(Crawled caption data)
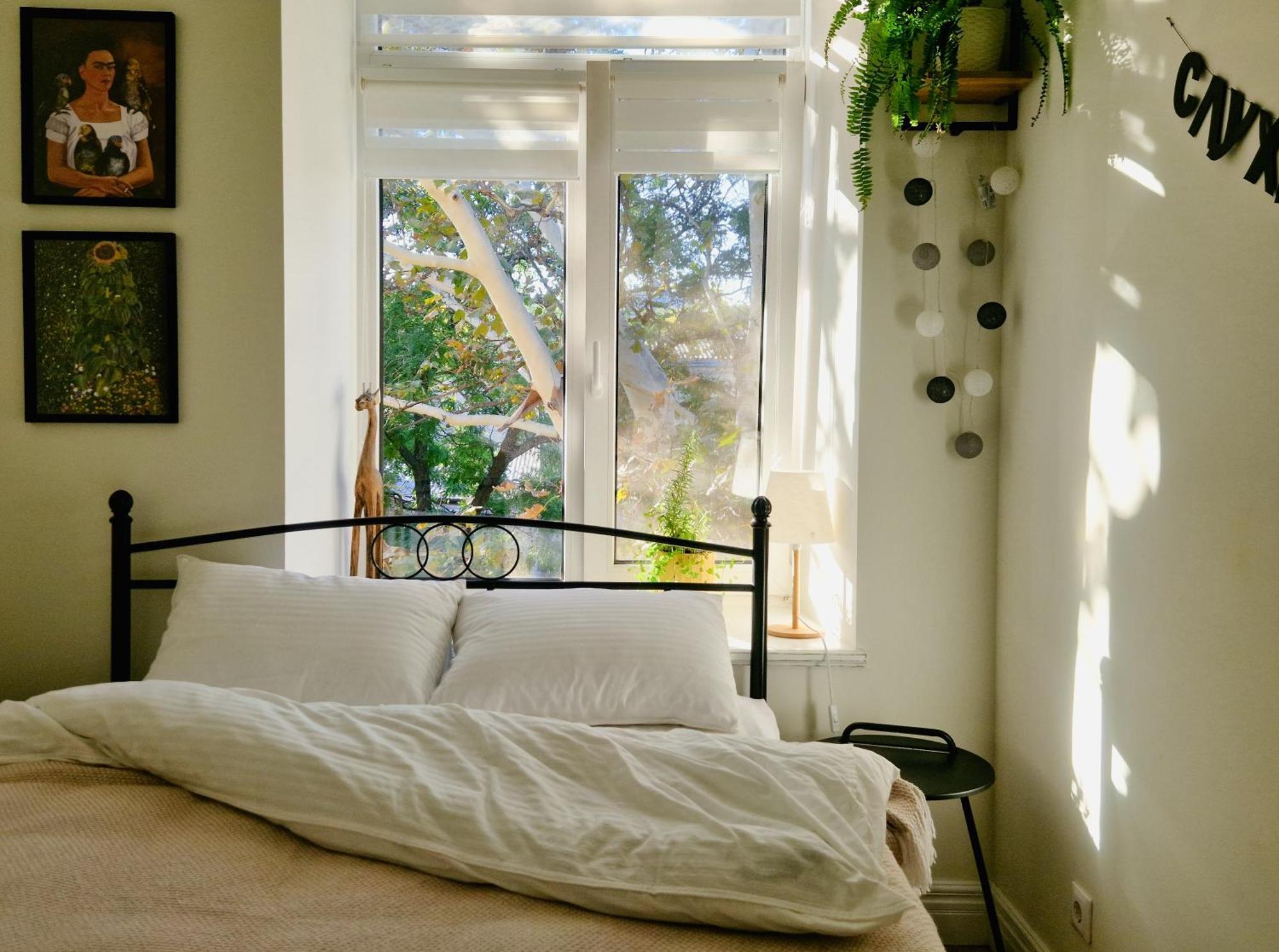 Scandi Group Apartaments Одесса Номер фото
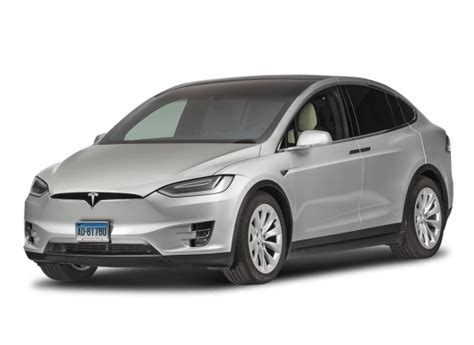 How Much Is A Tesla Suv Model X Noticias Modelo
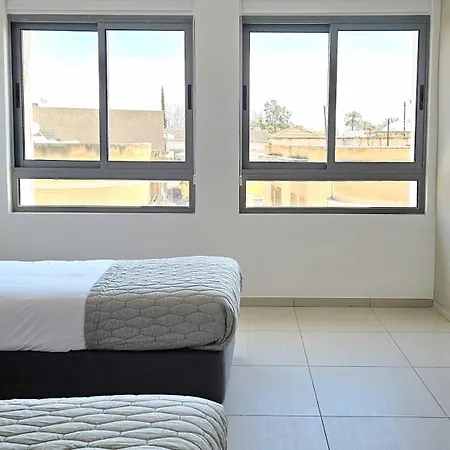 Phaedrus Living Ledras Residences 205 Nicosia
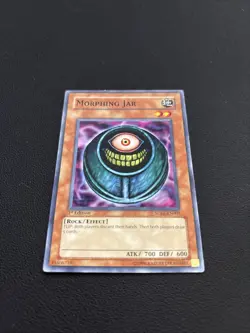 Morphing Jar SDRL-EN007 Structure Deck: Rise of the Dragon Lords 1st Edition - Image 2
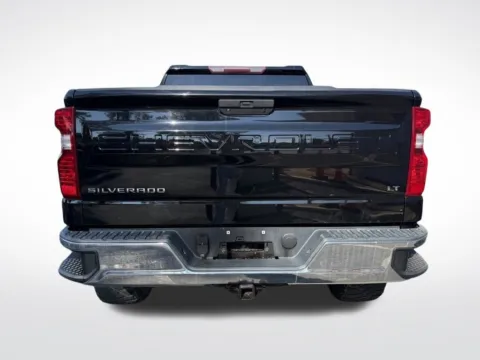 More photos of 2020 Chevrolet Silverado 1500 LT at Dream Work Automotive, NC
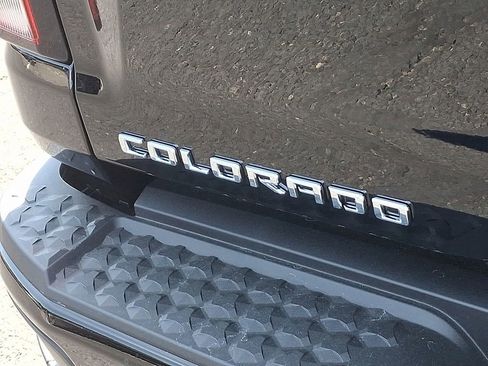 New 2025 Chevrolet Colorado Trail Boss image 11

▸ **WHAT THE TASK REQUIRES**
Exclude the images and copy every record above exactly.

▸ **RESULT OF THE EXERCISE**
 Scandi Group Apartaments Одесса Номер фото
 How Much Is A Tesla Suv Model X Noticias Modelo
 Phaedrus Living Ledras Residences 205 Nicosia
 Morphing Jar SDRL-EN007 Structure Deck: Rise of the Dragon Lords 1st Edition - Image 2
 More photos of 2020 Chevrolet Silverado 1500 LT at Dream Work Automotive, NC
 New 2025 Chevrolet Colorado Trail Boss image 11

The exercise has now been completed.